(Excerpts from a dataset)
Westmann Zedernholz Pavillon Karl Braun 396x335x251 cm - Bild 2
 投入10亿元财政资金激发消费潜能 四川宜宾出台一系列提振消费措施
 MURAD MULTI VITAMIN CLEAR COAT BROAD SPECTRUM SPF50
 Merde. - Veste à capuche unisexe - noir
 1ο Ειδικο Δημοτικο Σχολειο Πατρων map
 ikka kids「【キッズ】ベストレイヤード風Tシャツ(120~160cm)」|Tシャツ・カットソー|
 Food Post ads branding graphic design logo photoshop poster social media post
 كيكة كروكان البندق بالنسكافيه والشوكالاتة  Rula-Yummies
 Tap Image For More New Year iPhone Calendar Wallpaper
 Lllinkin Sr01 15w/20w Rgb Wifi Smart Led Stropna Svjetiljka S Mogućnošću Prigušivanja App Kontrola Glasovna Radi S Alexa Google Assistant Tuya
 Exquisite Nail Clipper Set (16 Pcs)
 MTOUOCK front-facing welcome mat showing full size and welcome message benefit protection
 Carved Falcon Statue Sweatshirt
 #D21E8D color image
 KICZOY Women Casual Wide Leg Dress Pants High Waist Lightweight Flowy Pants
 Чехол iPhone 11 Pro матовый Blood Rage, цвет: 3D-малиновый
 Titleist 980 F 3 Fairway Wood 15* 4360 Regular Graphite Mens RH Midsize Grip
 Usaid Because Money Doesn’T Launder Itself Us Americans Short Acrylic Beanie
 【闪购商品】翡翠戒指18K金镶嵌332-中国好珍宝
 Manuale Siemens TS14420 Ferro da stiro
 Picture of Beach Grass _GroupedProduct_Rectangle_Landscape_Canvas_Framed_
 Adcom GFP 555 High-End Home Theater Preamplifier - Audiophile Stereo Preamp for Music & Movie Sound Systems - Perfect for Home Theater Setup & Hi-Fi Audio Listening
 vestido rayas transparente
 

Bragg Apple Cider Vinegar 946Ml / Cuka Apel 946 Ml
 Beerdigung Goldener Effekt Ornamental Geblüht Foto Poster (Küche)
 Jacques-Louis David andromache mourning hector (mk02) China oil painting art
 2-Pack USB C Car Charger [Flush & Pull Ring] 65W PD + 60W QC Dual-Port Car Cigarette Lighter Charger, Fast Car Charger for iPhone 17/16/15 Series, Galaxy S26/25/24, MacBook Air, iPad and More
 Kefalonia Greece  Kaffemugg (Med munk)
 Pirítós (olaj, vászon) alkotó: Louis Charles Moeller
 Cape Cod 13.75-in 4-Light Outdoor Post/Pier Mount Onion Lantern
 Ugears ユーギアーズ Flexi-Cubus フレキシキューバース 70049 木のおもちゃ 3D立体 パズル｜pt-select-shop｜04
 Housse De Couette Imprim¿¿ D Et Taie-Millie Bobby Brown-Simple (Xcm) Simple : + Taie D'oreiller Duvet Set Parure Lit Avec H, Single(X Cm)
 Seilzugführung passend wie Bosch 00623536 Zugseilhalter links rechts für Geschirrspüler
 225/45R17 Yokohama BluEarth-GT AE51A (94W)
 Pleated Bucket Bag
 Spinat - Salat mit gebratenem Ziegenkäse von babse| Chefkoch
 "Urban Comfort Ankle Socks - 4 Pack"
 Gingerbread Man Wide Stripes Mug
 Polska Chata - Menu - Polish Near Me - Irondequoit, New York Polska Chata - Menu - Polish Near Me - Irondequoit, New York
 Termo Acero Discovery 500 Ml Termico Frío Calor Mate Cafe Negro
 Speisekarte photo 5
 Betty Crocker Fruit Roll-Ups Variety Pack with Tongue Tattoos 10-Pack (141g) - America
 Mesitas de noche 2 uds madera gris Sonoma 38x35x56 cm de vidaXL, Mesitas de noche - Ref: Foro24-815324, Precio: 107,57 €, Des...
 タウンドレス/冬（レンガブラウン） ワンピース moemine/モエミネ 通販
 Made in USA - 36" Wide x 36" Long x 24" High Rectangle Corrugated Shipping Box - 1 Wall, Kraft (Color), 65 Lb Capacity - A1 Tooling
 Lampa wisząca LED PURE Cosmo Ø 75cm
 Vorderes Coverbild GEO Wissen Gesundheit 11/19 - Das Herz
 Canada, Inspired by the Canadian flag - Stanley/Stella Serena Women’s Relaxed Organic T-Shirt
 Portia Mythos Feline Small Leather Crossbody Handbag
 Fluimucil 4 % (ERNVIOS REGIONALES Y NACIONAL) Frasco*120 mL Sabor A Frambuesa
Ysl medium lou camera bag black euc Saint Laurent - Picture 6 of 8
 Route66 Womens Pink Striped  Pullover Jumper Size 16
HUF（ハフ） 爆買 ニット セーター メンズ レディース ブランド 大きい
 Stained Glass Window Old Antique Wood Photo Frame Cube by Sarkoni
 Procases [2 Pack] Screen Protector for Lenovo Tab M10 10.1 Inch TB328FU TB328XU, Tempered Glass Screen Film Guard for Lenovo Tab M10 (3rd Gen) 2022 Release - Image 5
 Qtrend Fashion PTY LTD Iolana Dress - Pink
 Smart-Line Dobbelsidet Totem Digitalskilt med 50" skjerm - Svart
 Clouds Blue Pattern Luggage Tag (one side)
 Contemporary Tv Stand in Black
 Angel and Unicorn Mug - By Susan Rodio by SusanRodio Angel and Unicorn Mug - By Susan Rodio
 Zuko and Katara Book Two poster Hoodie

#### [Exercise brief]
The word "iPhone" may appear in several lines of the data; copy every line where it does.

#### [Reply]
 Tap Image For More New Year iPhone Calendar Wallpaper
 Чехол iPhone 11 Pro матовый Blood Rage, цвет: 3D-малиновый
 2-Pack USB C Car Charger [Flush & Pull Ring] 65W PD + 60W QC Dual-Port Car Cigarette Lighter Charger, Fast Car Charger for iPhone 17/16/15 Series, Galaxy S26/25/24, MacBook Air, iPad and More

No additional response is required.